Editor's Note: Ken Gross is a well-known and respected automotive journalist whose expertise extends from new cars to vintage hot rods. He may be best known for his knowledge of classic cars and as the former director of the Petersen Automotive Museum in Los Angeles.
For the Modern Classics series, we asked Ken to write about "affordable" classics. Here's his selection criteria: "We are speaking of cars many people would love to have—head-turners, trend-setters in their time, cars that people still see that make them smile, cars that were definitive in their own right, stylish and fun to drive. I wanted cars at least 25 years old that can be registered and insured cheaply and not subject to annual inspections. I tried to choose models that had a good chance of further appreciating. Tastes may vary, as may peoples' own definitions of 'affordable.'" This month's selection is the original Pontiac GTO.
Detroit took full revenge on the hot rod and sports car communities in October 1963 with the introduction of the Pontiac Tempest Le Mans GTO. Ignoring an internal GM edict on engine displacement in midsize cars (330 cid was tops), Pontiac's engineers shoehorned a 389-cid V-8 into a lowly Tempest, and the term "musclecar" was coined.
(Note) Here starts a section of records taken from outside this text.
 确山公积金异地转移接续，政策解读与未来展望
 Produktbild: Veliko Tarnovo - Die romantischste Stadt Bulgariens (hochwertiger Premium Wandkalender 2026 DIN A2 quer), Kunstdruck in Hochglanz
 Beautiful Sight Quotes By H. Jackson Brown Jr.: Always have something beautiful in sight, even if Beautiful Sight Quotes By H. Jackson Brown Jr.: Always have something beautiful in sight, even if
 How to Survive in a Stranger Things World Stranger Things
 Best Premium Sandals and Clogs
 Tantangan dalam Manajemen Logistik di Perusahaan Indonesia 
Earlier efforts, like Chevy's 409, had used full-sized bodies; Pontiac's GTO, an option in 1964, packed plenty of punch in a light, maneuverable platform, inspiring a rockin' Ronnie & the Daytonas hit, "Little GTO."

Pontiac's optional three-carb Tri-Power package is highly prized by GTO collectors and restorers.
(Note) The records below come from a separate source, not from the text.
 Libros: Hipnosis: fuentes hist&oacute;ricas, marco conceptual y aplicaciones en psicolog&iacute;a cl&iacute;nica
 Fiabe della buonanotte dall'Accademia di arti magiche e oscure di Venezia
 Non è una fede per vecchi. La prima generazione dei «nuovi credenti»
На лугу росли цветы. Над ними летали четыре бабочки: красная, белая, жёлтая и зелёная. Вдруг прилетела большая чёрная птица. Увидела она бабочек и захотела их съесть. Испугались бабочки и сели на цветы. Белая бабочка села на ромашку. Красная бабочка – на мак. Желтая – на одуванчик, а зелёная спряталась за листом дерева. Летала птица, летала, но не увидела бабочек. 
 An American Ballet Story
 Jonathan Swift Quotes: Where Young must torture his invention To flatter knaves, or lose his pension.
Tempests were available with a 250-bhp, 326-cid V-8; GTOs got the lusty 325-bhp engine with 10.75:1 compression and a 4-barrel carb. Hotshoes could further go for the 348-bhp three-carb Tri-Power package. GTOs were available as a hardtop, a sports coupe, and a convertible. "Three-on-the-tree" was standard; Hydra-Matic was optional, but most desirable is the close-ratio Muncie M-20 four-speed with Hurst linkage. A popular option, "exhaust splitters," were four tailpipe extensions that exited behind the rear wheels. You could also get metallic brakes, a limited-slip diff, a heavy-duty radiator and quick steering.
After "Car and Driver" road-tested a highly tuned "Bobcat" GTO, prepared by Ace Wilson's Royal Pontiac in Royal Oak, Michigan, and dubbed it "the best American car we've ever driven," the cat was literally out of the bag. "Car and Driver's" then-controversial cover illustrated a Pontiac GTO running against a legendary Ferrari GTO. Circumstances prevented an actual match between the two. But when the testers blazed a 4.6-second, 0-60 time on stock tires, praises rang high. That article jump-started GTO sales.
Pontiac's initiative scooped the competition. For 1965, there were GTO-specific styling updates, still more available horsepower and other speed and handling goodies. Sales more than doubled and rivals rushed to copy. GM waived its displacement cap; the GTO became a regular Pontiac model in 1966, and a legend was born.
Early GTOs suffer from floorpan rust and carcinoma below the rear window. The 389 engines often fall prey to stretched timing chains. Beware: Not every GTO was a heavily-optioned road racer; counterfeiters often add the good stuff. An original bill of sale is the best provenance. For Tri-Power, add $5,000; at about $25,000, convertibles are 35 percent more expensive than coupes.